• [WORK INSTRUCTIONS] The answer is the line with "プレゼント 18金 K18イエローゴールド【SH】【BIM】" and every line after it to the end of the listing, retyped exactly. Pictures do not belong in it.

• [ENTRIES SUPPLIED]
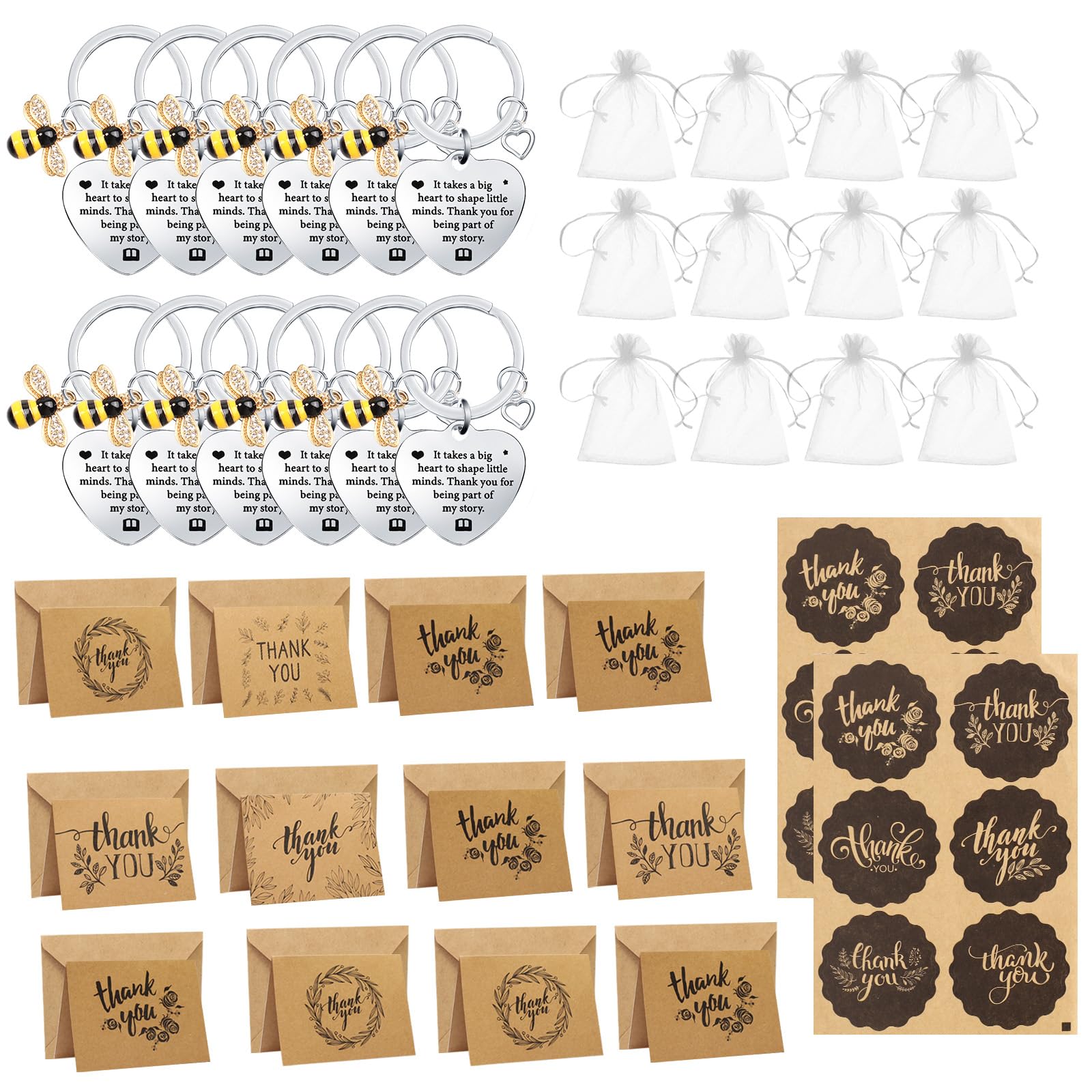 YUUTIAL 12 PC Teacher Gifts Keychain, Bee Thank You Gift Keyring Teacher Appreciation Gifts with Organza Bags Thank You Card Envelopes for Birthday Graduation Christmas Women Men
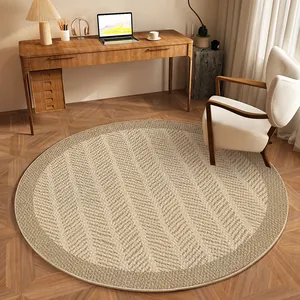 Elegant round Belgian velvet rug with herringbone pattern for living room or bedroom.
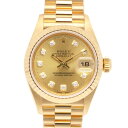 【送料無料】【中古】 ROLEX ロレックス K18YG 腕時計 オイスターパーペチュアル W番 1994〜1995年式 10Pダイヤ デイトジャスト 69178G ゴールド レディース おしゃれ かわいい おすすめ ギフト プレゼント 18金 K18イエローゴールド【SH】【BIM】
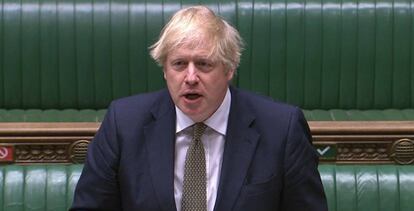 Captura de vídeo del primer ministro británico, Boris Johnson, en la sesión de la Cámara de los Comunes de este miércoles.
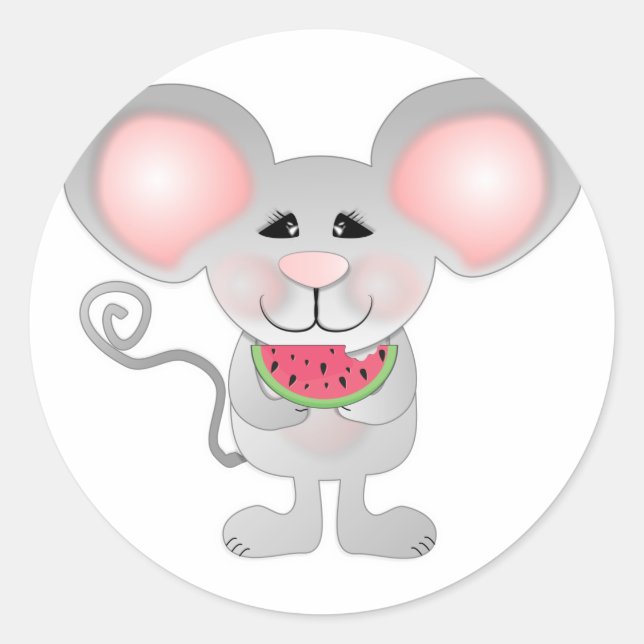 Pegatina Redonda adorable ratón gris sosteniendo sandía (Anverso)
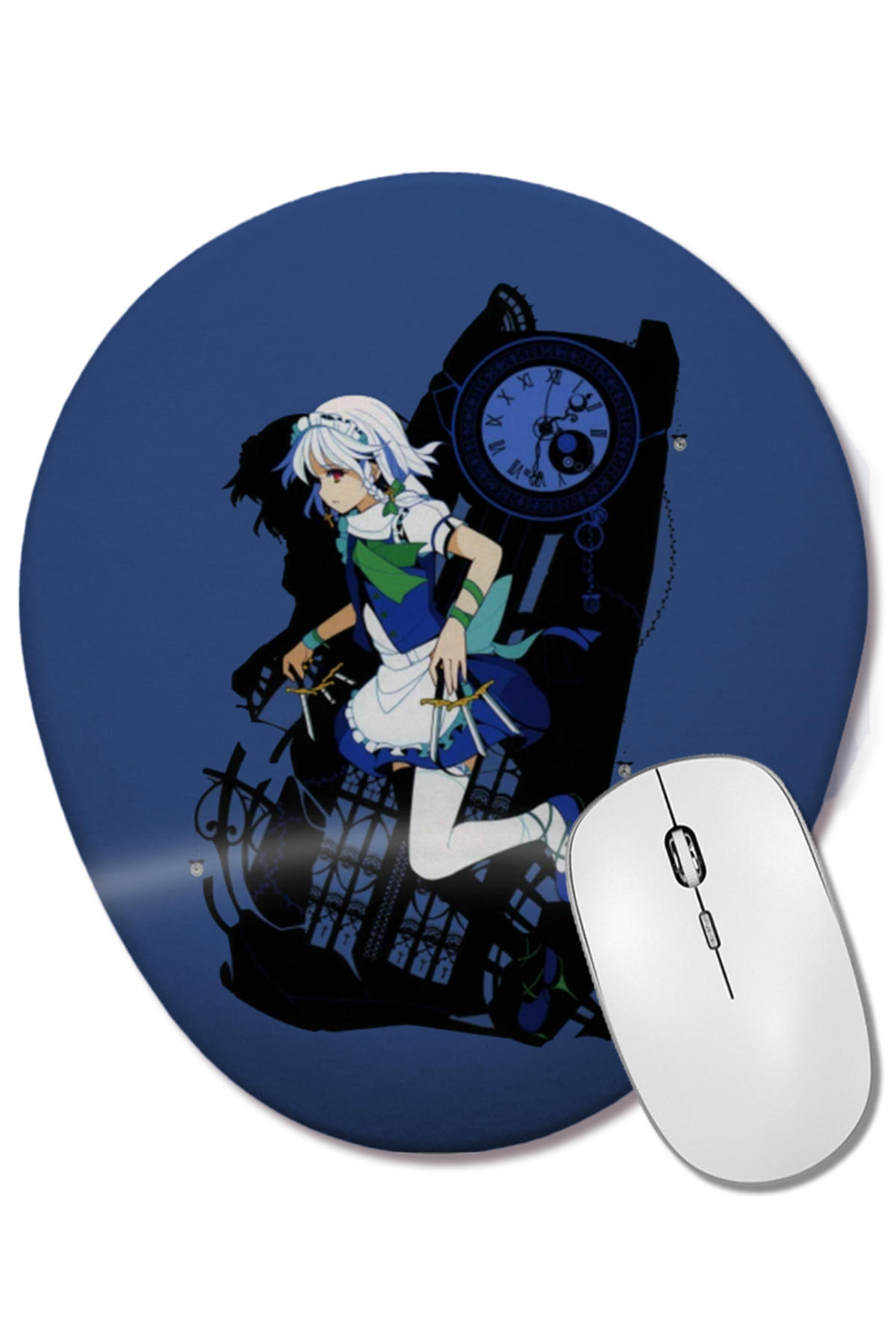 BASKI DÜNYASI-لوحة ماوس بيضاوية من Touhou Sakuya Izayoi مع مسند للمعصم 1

• [TASK SOLUTION]
 【送料無料】【中古】 ROLEX ロレックス K18YG 腕時計 オイスターパーペチュアル W番 1994〜1995年式 10Pダイヤ デイトジャスト 69178G ゴールド レディース おしゃれ かわいい おすすめ ギフト プレゼント 18金 K18イエローゴールド【SH】【BIM】
 Captura de vídeo del primer ministro británico, Boris Johnson, en la sesión de la Cámara de los Comunes de este miércoles.
 Pegatina Redonda adorable ratón gris sosteniendo sandía (Anverso)
 BASKI DÜNYASI-لوحة ماوس بيضاوية من Touhou Sakuya Izayoi مع مسند للمعصم 1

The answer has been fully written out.